Some beginner facts on representaions of $\mathfrak{sl}_3(\mathbb{C})$

Question

Beginning to learn about representations of $\mathfrak{sl}_3(\mathbb{C})$. One starts with a subspace $$\mathfrak{h}=\{\begin{pmatrix} a_1 & 0 & 0\\ 0 &a_2& 0\\ 0 & 0 & a_3\\ \end{pmatrix}:\space a_1+a_2+a_3=0\}\subset \mathfrak{sl}_3(\mathbb{C})$$ Let $V$ be an arbitrary representation of a Lie algebra $\mathfrak{sl}_3$. One takes $\alpha\in \mathfrak{h}^*$ and introduces the space $$V_{\alpha}=\{v\in V:\space \forall H\in \mathfrak{h}\space Hv=\alpha(H)v\}$$
The question is why $V=\bigoplus V_{\alpha}$? Could you please explain this phenomenon?

Answer 1

Talking about the case $\dim V<\infty$ only.

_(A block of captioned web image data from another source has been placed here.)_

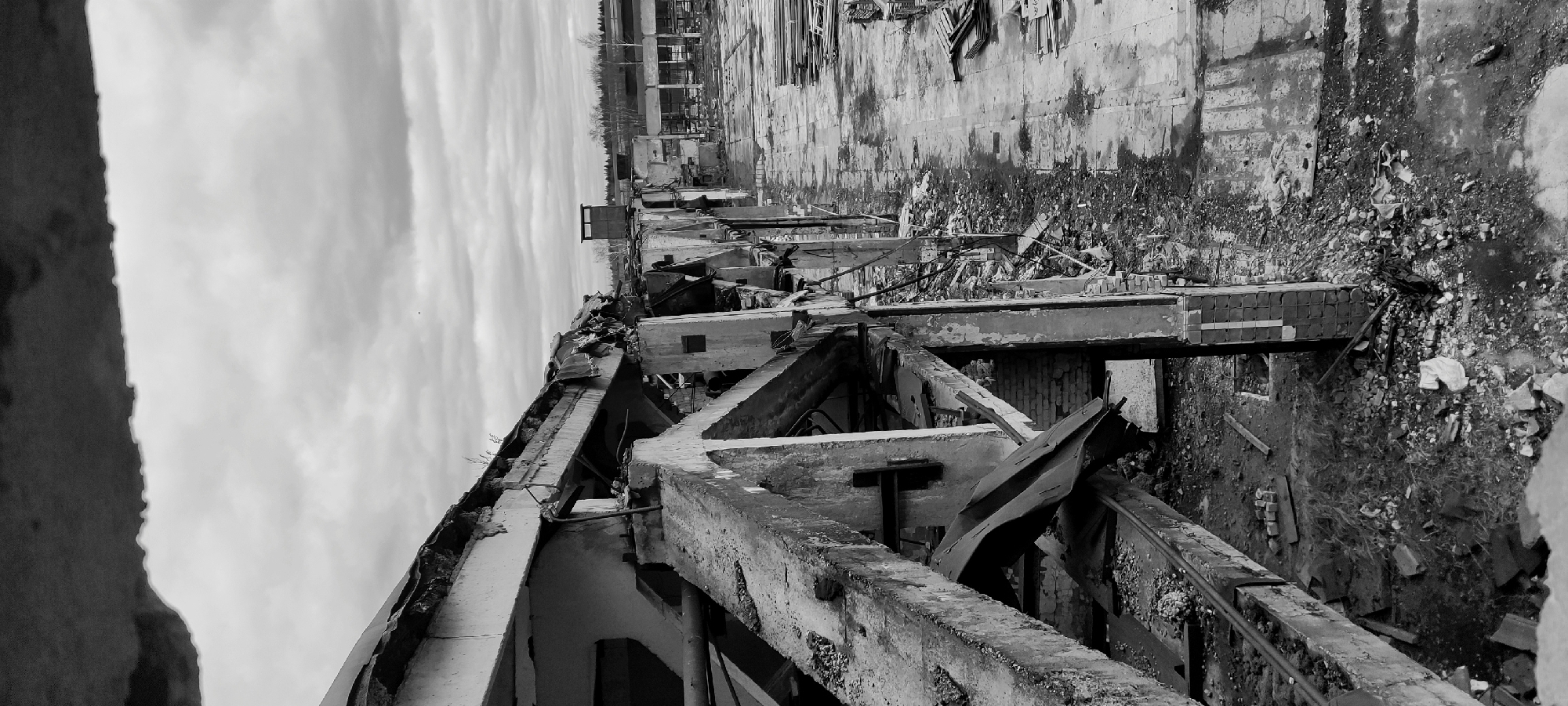The black and white image, presented in a portrait orientation but depicting a landscape scene, shows the extensive ruins of a large building or industrial complex. The scene is dominated by debris and damaged concrete structures under an overcast sky.
In the foreground, skeletal remains of concrete beams, pillars, and fragmented walls are visible, stretching from the lower left towards the upper right. These structures are heavily damaged, with rebar exposed and sections appearing collapsed or twisted. Various pieces of rubble, including bricks and metal, are scattered throughout this area.
The middle ground reveals more piles of debris and the foundations of what were once rooms or sections of the building. A distant, partially intact wall with signs of wear and damage forms a backdrop to the immediate destruction. Beyond this, in the far background, a line of trees and other distant, less damaged buildings can be discerned.
The sky, occupying the upper portion of the re-oriented image, is uniformly cloudy, suggesting an overcast day. No people are present, and there are no discernible activities occurring in the scene. The overall atmosphere conveyed is one of desolation, abandonment, and the aftermath of significant destruction. No visible text can be clearly read.
The context provided for the location is Fryazino, Russia.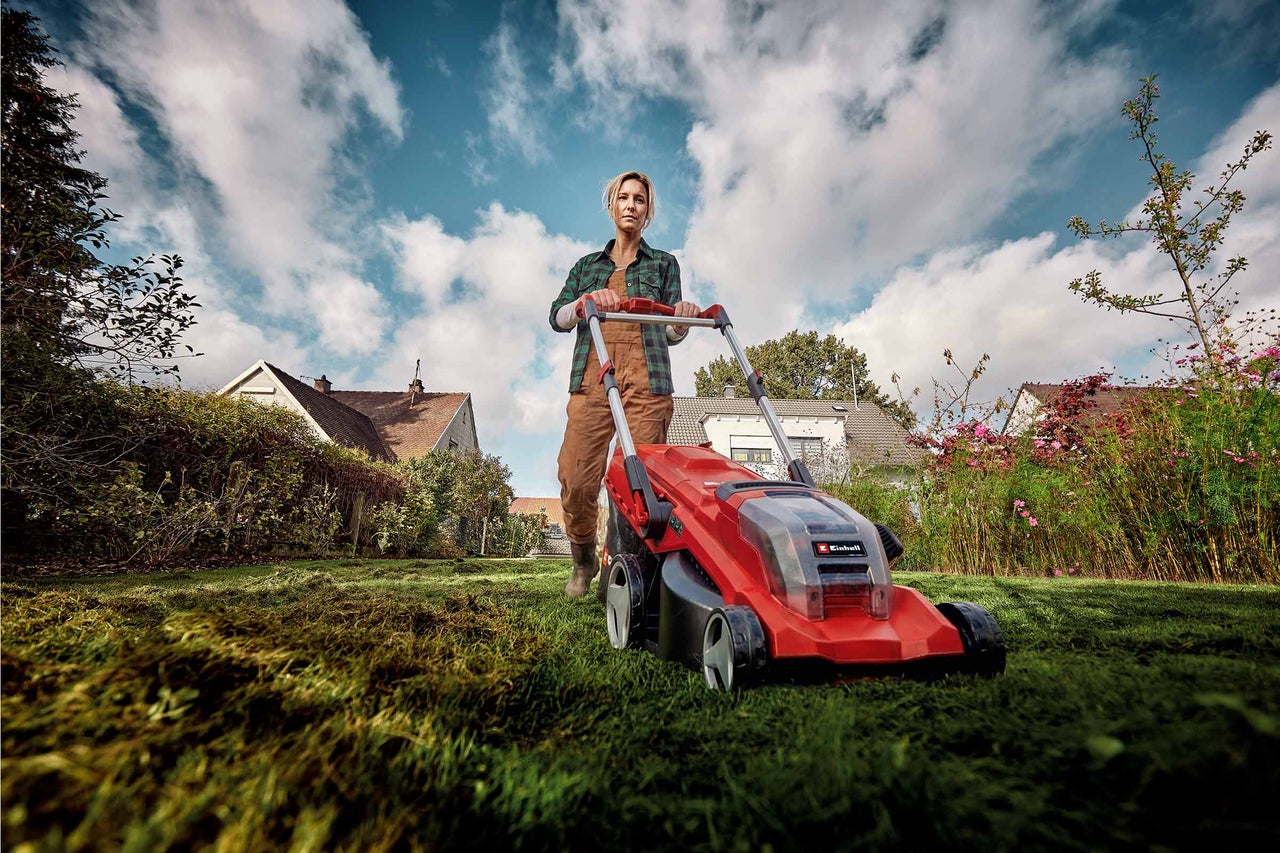 Eine Frau mäht mit einem roten Einhell Elektro-Rasenmäher einen grünen Rasen in einem Garten mit Häusern im Hintergrund.
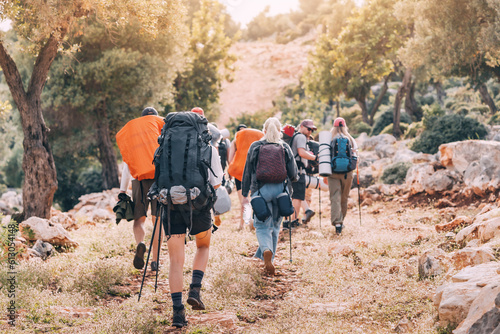 Group of hikers walking by the Lycian Way footpath in turkish countryside photo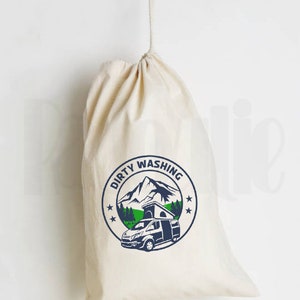 May include: A white canvas drawstring bag with the text "Dirty Washing" in blue and a graphic of a camper van in front of a mountain range.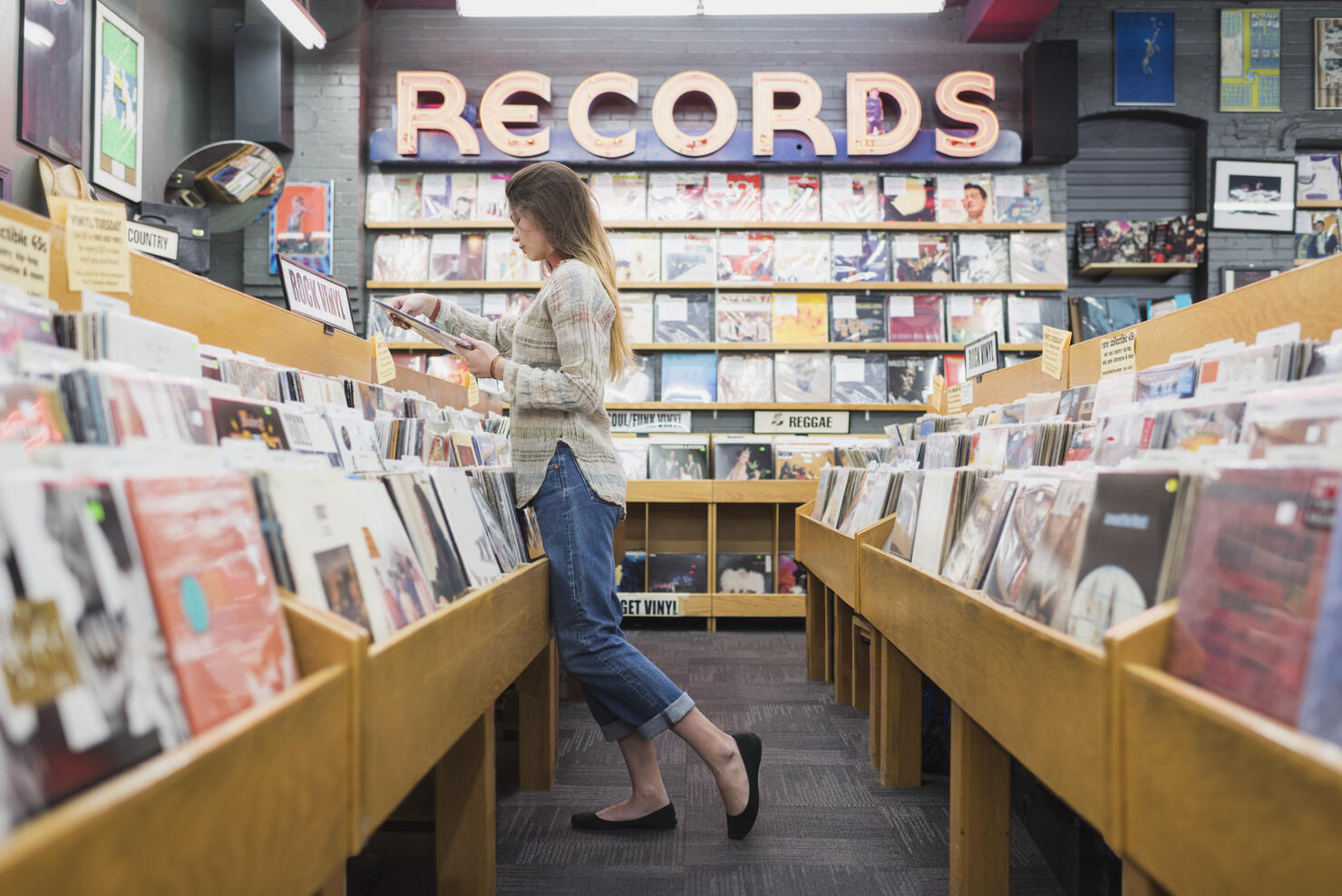 Teenage girl in record store shopping for music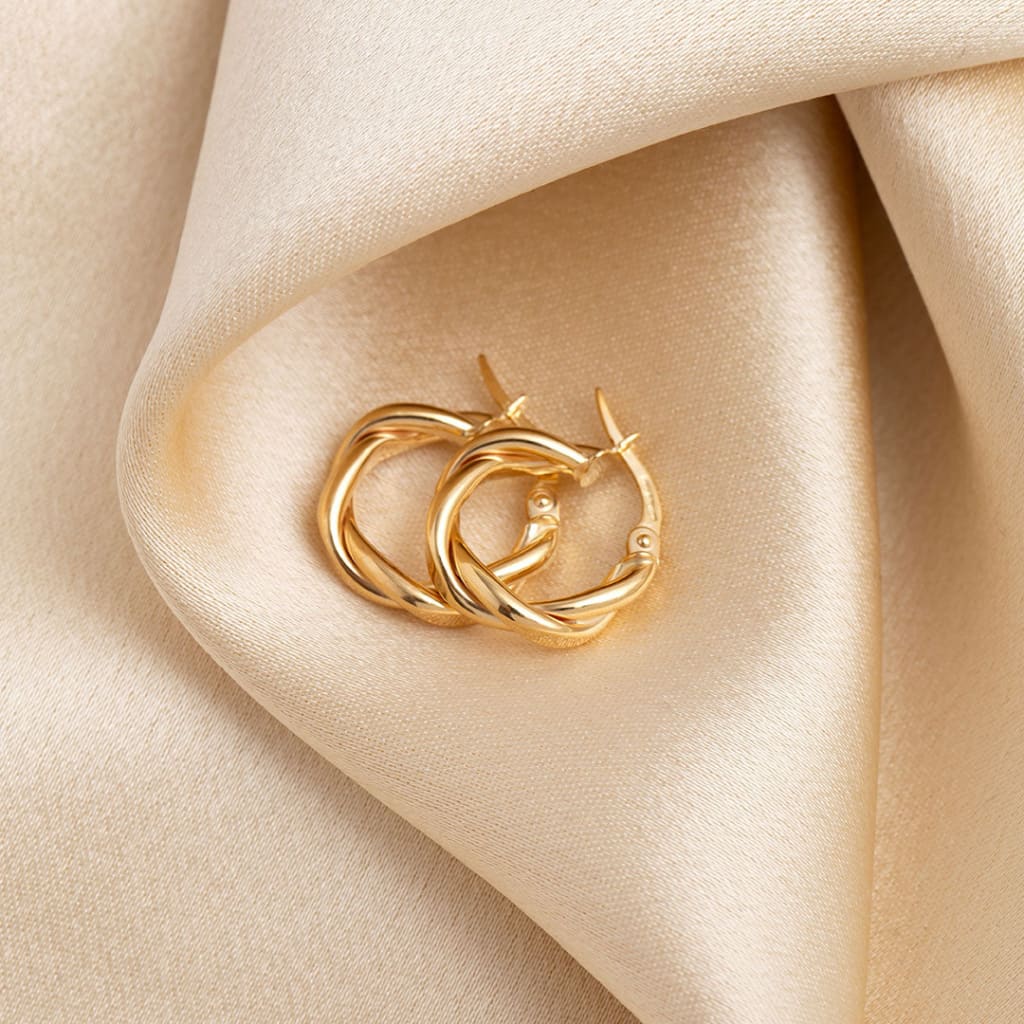 Fierce hoop earrings flat on fabric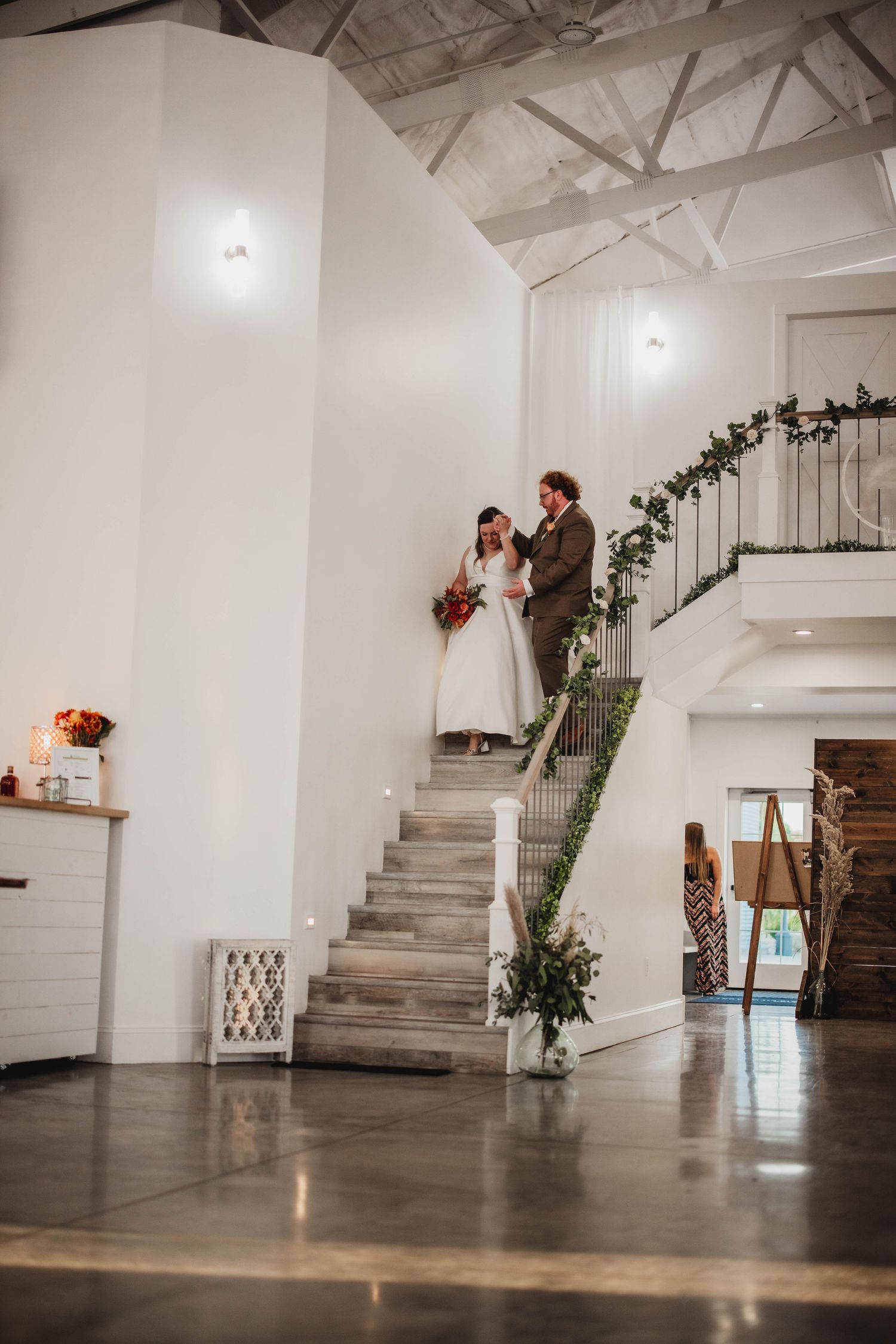 Interior shot of modern white wedding venue with concrete stairs and rustic wooden accent wall.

Basically this is because the matrices in the spaces $\mathfrak{h}$ commute with each other. Consequently so do the matrices $\alpha(H), H\in\mathfrak{h}$. With a bit more work you can show that those matrices are also semisimple, i.e. diagonalizable. Whenever you have a commuting set of diagonalizable matrices over an algebraically closed field, they are simultaneously diagonalizable. In other words there is a basis $\mathcal{B}$ of $V$ such that all the matrices $\alpha(H)$ are diagonal w.r.t. $\mathcal{B}$.

Obviously the diagonal elements of $\alpha(H)$ are linear combinations of the entries of $H$ (the representation $\alpha$ is a linear mapping). The subspaces $V_\alpha$ are then spanned by subsets of $\mathcal{B}$. The subset includes those basis elements that correspond to the same linear combination, i.e. an element of $\mathfrak{h}^*$.